_Goal of the exercise_
Word-for-word repetition of the records below is needed, but only from the line holding "Declutter Under Deck" through the final line, with pictures excluded.

Records from a data collection:
• • • •

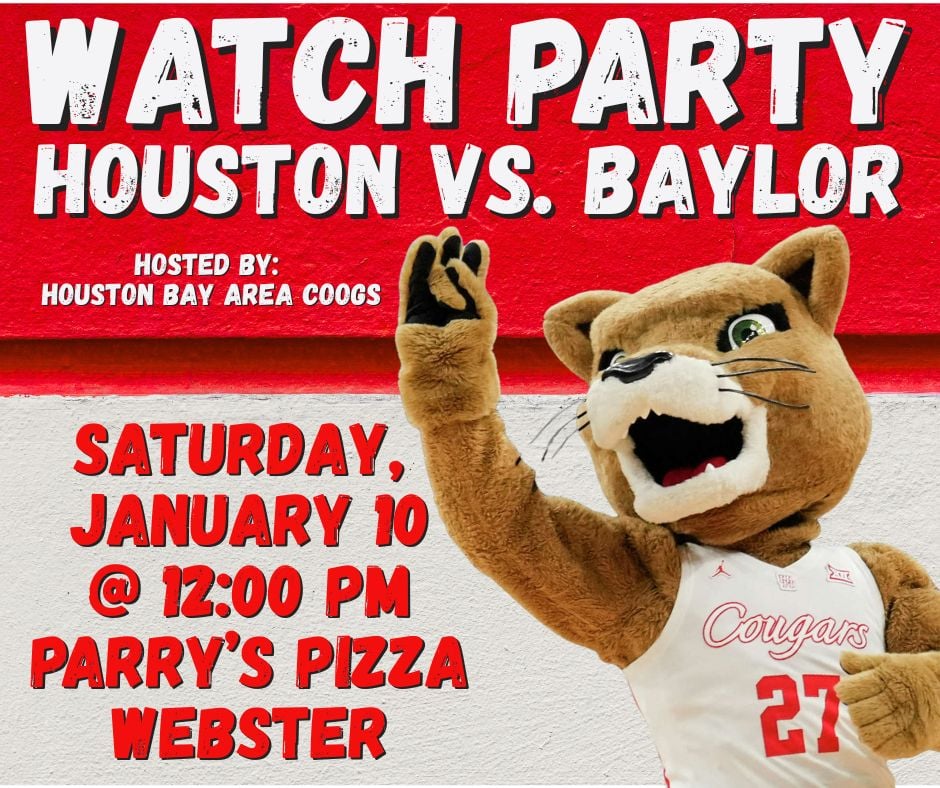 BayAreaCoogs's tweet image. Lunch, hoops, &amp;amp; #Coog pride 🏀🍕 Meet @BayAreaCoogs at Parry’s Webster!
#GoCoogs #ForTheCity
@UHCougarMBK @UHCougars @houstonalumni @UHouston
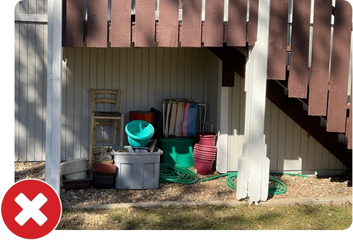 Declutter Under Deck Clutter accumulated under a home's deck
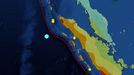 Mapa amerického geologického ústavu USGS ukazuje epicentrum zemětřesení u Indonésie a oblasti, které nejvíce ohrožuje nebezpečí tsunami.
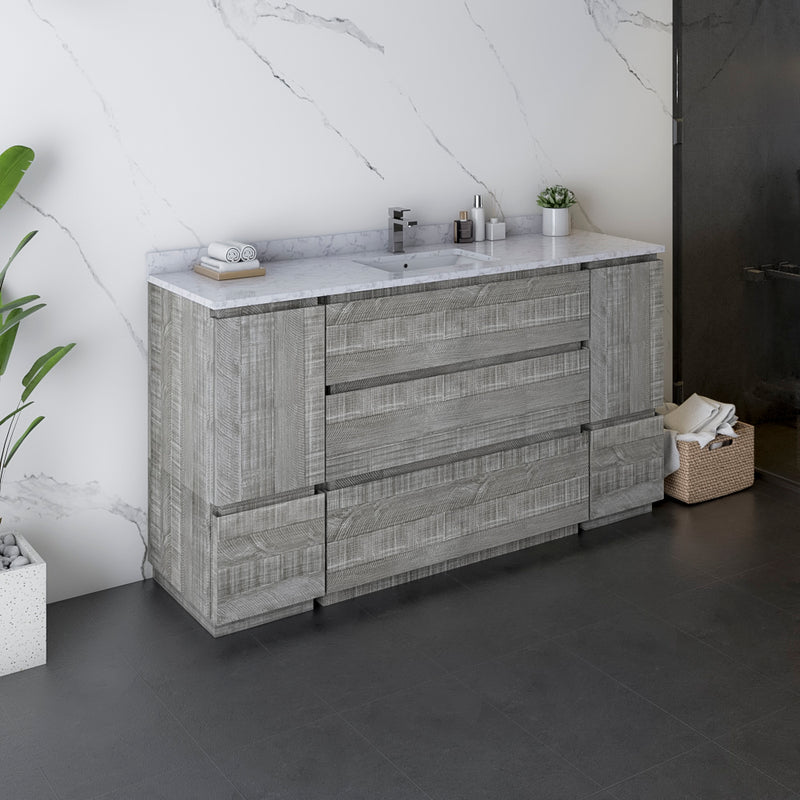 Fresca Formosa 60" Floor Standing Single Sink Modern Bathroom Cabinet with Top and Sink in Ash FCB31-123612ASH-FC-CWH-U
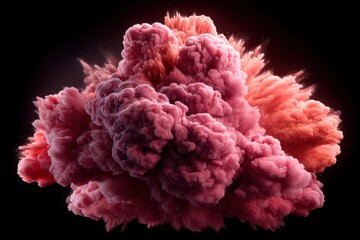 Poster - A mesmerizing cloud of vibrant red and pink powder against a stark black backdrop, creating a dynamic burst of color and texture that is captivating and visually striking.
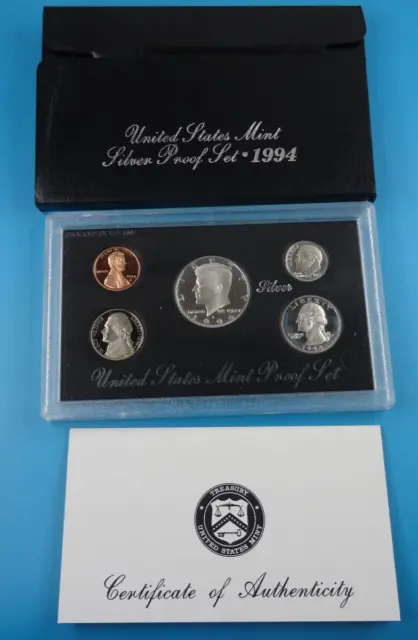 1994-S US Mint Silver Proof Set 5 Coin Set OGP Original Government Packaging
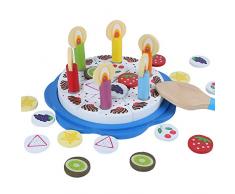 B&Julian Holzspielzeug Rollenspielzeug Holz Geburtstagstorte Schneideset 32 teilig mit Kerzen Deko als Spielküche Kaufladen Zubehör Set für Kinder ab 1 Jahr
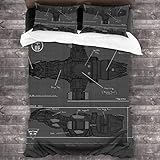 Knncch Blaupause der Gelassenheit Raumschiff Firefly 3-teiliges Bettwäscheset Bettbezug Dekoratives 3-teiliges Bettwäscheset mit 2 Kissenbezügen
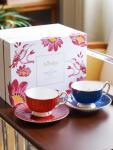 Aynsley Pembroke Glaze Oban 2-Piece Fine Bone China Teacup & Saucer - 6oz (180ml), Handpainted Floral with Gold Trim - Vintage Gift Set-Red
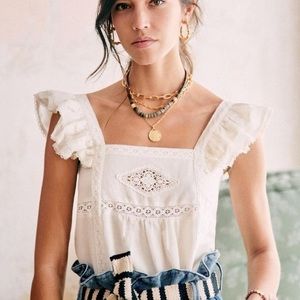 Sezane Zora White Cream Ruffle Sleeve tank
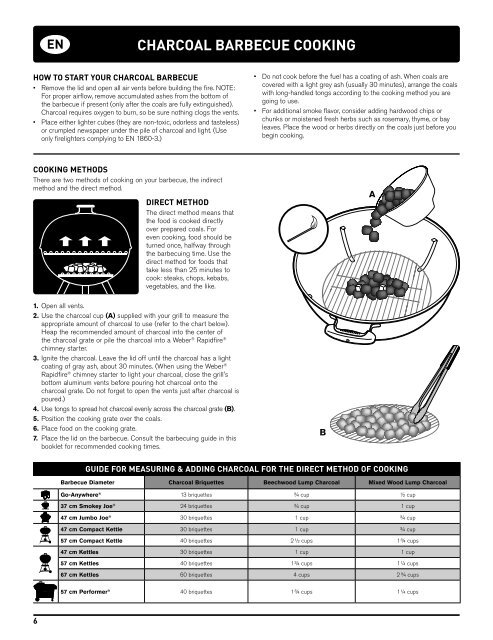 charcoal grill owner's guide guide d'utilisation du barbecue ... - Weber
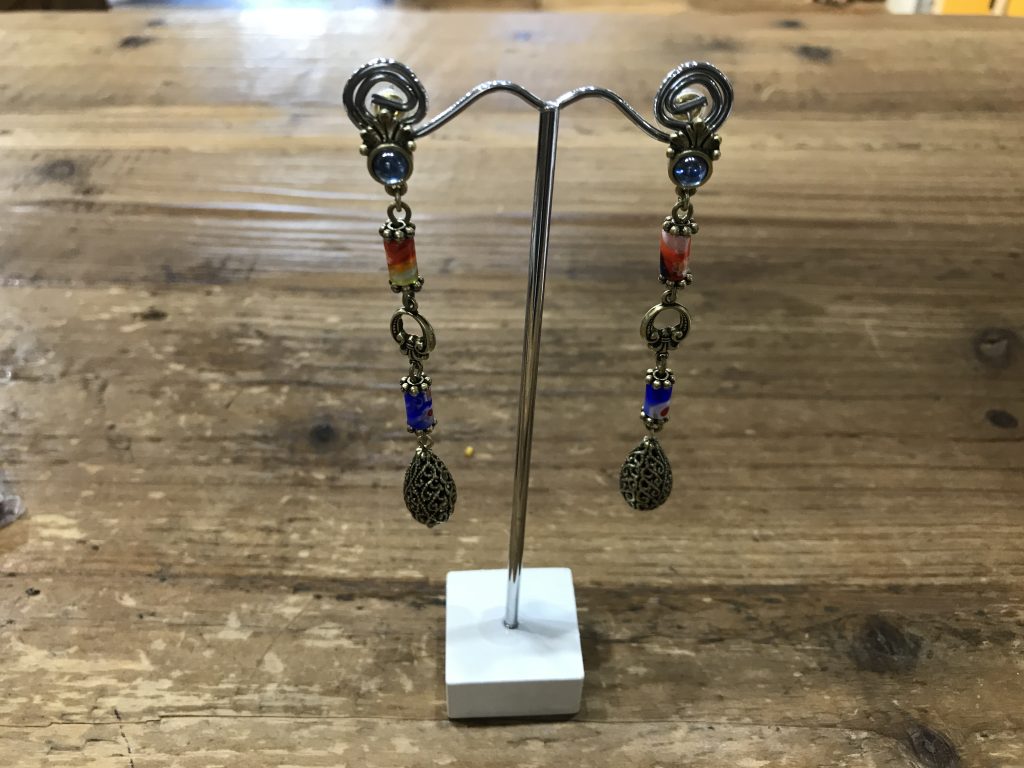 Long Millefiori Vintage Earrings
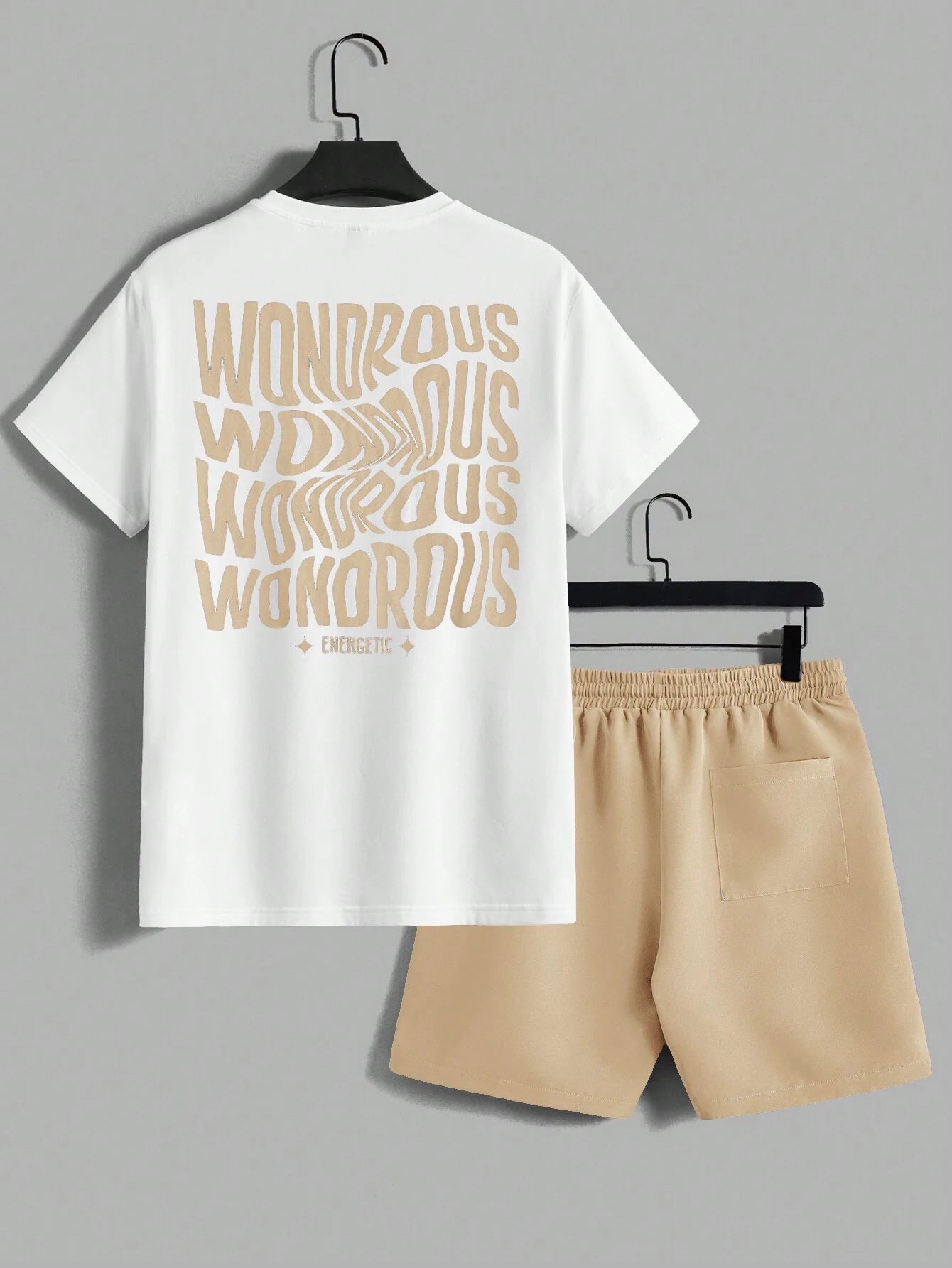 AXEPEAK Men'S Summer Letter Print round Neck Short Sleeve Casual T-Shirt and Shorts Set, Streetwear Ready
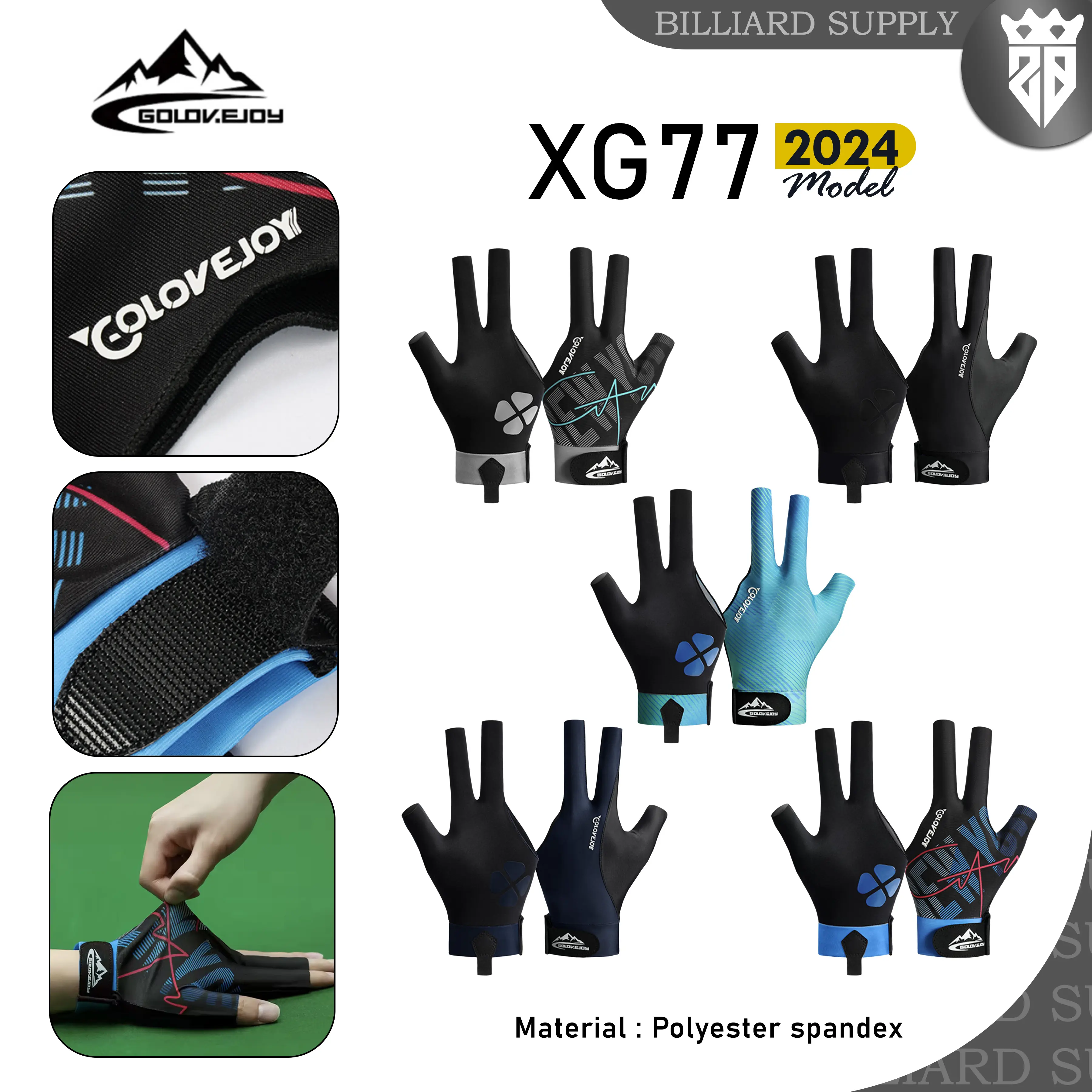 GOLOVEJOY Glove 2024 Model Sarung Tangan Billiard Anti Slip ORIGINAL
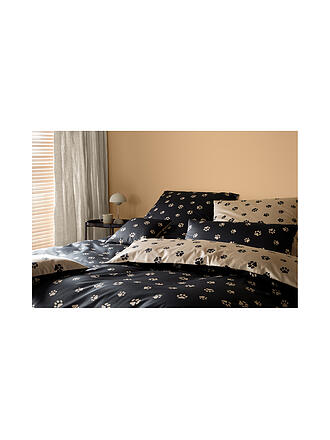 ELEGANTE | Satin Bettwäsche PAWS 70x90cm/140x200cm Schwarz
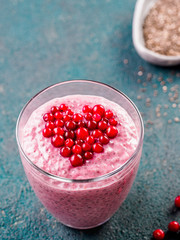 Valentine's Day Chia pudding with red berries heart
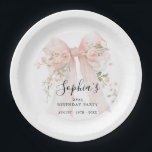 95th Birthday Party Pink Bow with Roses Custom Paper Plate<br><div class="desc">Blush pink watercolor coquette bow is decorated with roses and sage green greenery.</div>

• • • •

_Reply_
 Declutter Under Deck Clutter accumulated under a home's deck
 Mapa amerického geologického ústavu USGS ukazuje epicentrum zemětřesení u Indonésie a oblasti, které nejvíce ohrožuje nebezpečí tsunami.
 Fresca Formosa 60" Floor Standing Single Sink Modern Bathroom Cabinet with Top and Sink in Ash FCB31-123612ASH-FC-CWH-U
 Poster - A mesmerizing cloud of vibrant red and pink powder against a stark black backdrop, creating a dynamic burst of color and texture that is captivating and visually striking.
 1994-S US Mint Silver Proof Set 5 Coin Set OGP Original Government Packaging
 B&Julian Holzspielzeug Rollenspielzeug Holz Geburtstagstorte Schneideset 32 teilig mit Kerzen Deko als Spielküche Kaufladen Zubehör Set für Kinder ab 1 Jahr
 Knncch Blaupause der Gelassenheit Raumschiff Firefly 3-teiliges Bettwäscheset Bettbezug Dekoratives 3-teiliges Bettwäscheset mit 2 Kissenbezügen
 Aynsley Pembroke Glaze Oban 2-Piece Fine Bone China Teacup & Saucer - 6oz (180ml), Handpainted Floral with Gold Trim - Vintage Gift Set-Red
 Sezane Zora White Cream Ruffle Sleeve tank
 charcoal grill owner's guide guide d'utilisation du barbecue ... - Weber
 Long Millefiori Vintage Earrings
 AXEPEAK Men'S Summer Letter Print round Neck Short Sleeve Casual T-Shirt and Shorts Set, Streetwear Ready
 GOLOVEJOY Glove 2024 Model Sarung Tangan Billiard Anti Slip ORIGINAL
 ELEGANTE | Satin Bettwäsche PAWS 70x90cm/140x200cm Schwarz
 Valentine's Day Chia pudding with red berries heart
 95th Birthday Party Pink Bow with Roses Custom Paper Plate<br><div class="desc">Blush pink watercolor coquette bow is decorated with roses and sage green greenery.</div>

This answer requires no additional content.